* [Records for this task]:
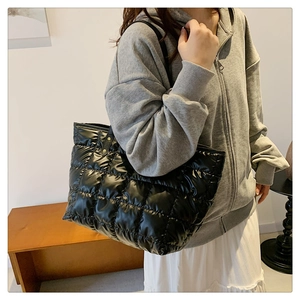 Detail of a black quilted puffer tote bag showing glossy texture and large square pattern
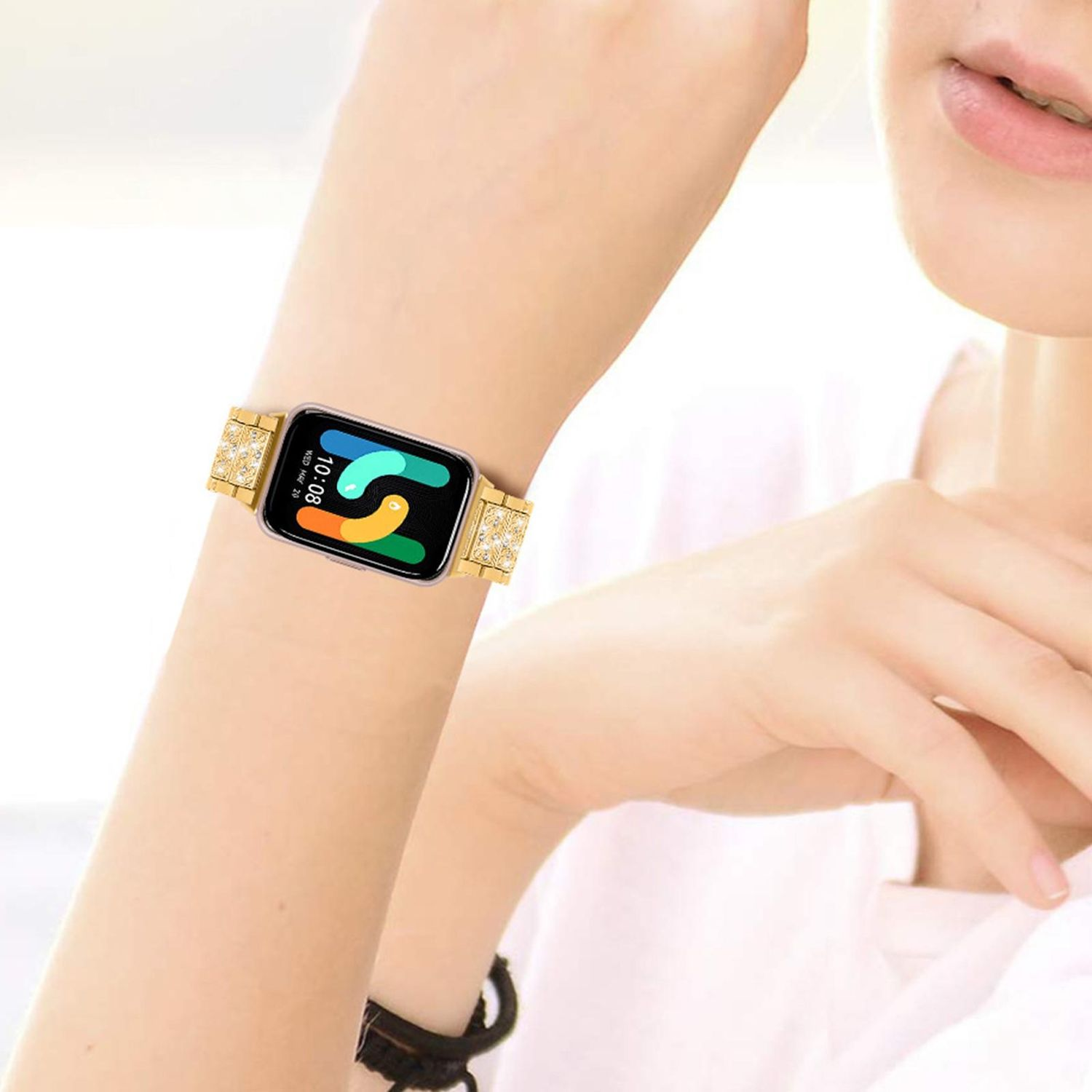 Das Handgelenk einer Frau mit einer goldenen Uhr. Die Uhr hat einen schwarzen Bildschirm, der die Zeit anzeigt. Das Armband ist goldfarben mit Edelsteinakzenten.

---

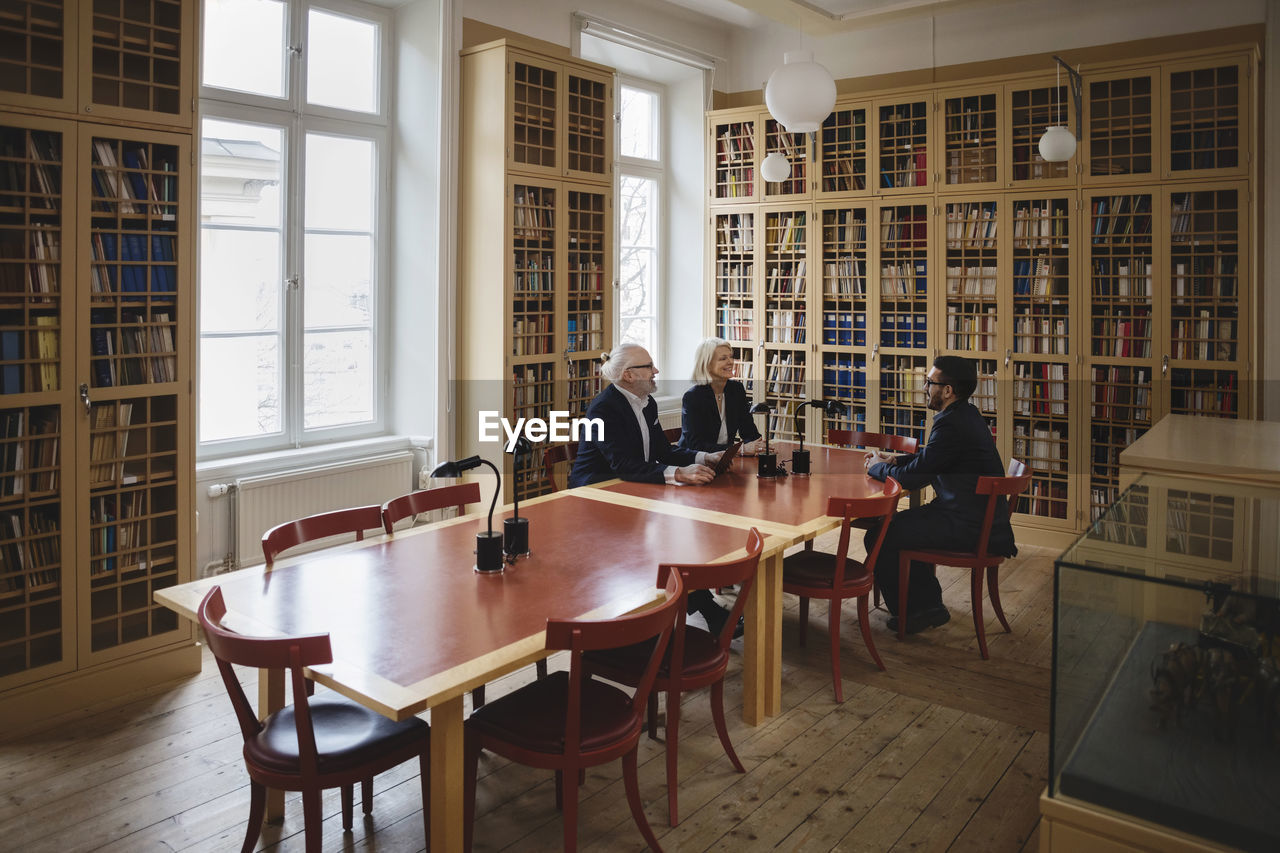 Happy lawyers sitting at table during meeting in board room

--

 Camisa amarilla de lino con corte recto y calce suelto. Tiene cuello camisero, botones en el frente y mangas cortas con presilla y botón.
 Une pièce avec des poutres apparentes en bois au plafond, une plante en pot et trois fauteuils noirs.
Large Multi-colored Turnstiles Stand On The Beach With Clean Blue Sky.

* [Exercise prompt]: Write out only the lines that run from the line containing "Camisa amarilla de" through the line containing "Large Multi-colored Turnstiles", both included, exactly as they appear above.

* [Exercise output]:
 Camisa amarilla de lino con corte recto y calce suelto. Tiene cuello camisero, botones en el frente y mangas cortas con presilla y botón.
 Une pièce avec des poutres apparentes en bois au plafond, une plante en pot et trois fauteuils noirs.
Large Multi-colored Turnstiles Stand On The Beach With Clean Blue Sky.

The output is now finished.